Lucky Mc Kee : Pour la musique, nous voulions en majorité des morceaux de hip hop et d’electro et pas forcément des morceaux que des gens de mon âge, la trentaine avancée, aiment ou pensent que les ados écoutent. Nous nous sommes vraiment reposés sur Chris en fait. C’est une encyclopédie sur pattes, il maîtrise avec précision l’actualité de la scène contemporaine, il connaît tous les groupes indépendants, dans tous les registres musicaux, sait ce qui marche. Il était notre superviseur musical en fait. Il a trouvé le compositeur de la musique originale (Mads Heldtberg), choisi la majorité des morceaux qui figurent sur la bo. Mon apport à moi sont les morceaux qui viennent d’amis, de gens avec qui j’ai pu travailler dans le passé ou des découvertes personnelles. Mais la majorité de la musique que l’on entend à l’écran est de la responsabilité de Chris, si la bande originale est si réussie c’est vraiment grâce à lui. Ma contribution se imitait surtout à dire si j’aimais ou non telle ou telle chanson ou le moment où elle intervient dans le récit. Il y

 

CF : Il y a un thème qui évoque celui de Krzysztof Komeda pour Rosemary’s Baby

Lucky Mc Kee : Oui, c’est une composition originale pour le film mais c’est clairement une inspiration.

 

CF : Quelles sont vos influences, intentionnelles ou non sur l’écriture ? On pense notamment à Freaky friday – Dans la peau de ma mère, Carrie ou Simetierre ?

Lucky Mc Kee : Je suis content que vous citiez ces références là, on m’évoque parfois des films que nous n’avons pas vu comme Heathers (Fatal Games en VF). J’ai fini par le voir tardivement mais je ne l’ai pas fini. Carrie est pour moi le meilleur film d’horreur se déroulant dans une université. Chris est un fan absolu de Stephen King, il a lu tout ce qu’il a écrit et connaît donc très bien Simetierre en effet. Et il y a sans la moindre hésitation un côté Freaky Friday dans l’histoire. J’aime beaucoup Dangereuse alliance ou Jennifer’s body également, c’est un excellent film fait par des femmes très intelligentes.

 

CF : Comment avez-vous travaillé les effets spéciaux avec Robert Kurtzman ?

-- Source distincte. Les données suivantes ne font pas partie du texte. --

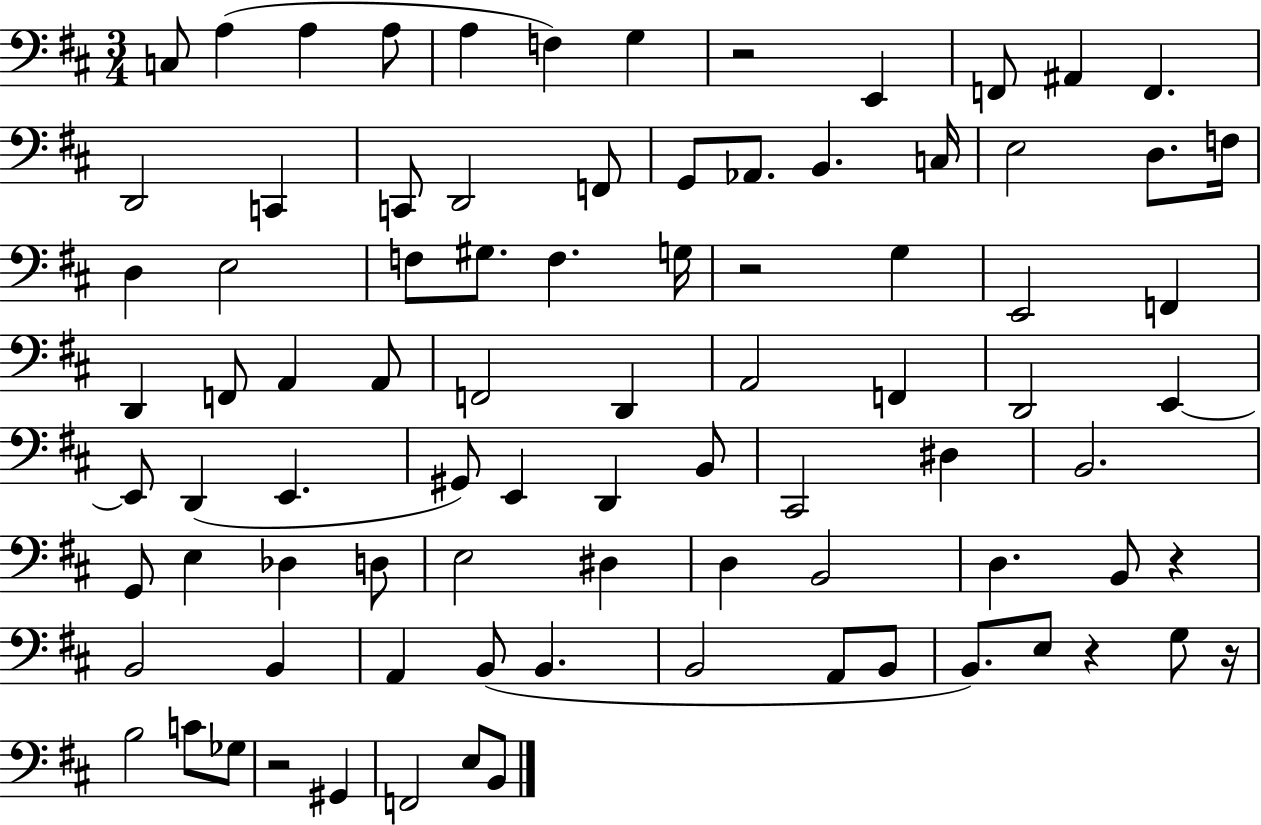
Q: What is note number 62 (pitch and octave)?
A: B2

Lucky Mc Kee : Plus précisément nous avons travaillé avec sa société. Il supervise le travail de son atelier dans l’Ohio et a envoyé deux de ses collaborateurs les plus doués, David Greathouse et Beki Ingram, sur le plateau pour travailler directement avec nous. Ils ont surtout travaillé sur les effets de maquillage, comme les nombreuses blessures des protagonistes. C’est la troisième fois que je travaillais avec lui et ça s’est bien passé comme toujours. Pour les effets numériques, nous avons fait appel à une autre société. C’est Roger Nall qui les a supervisé, Chris avait travaillé avec lui sur I knew who killed me.

 

CF : Le titre complet se révèle être All cheerleaders die part 1 : c’est une blague ou une promesse ?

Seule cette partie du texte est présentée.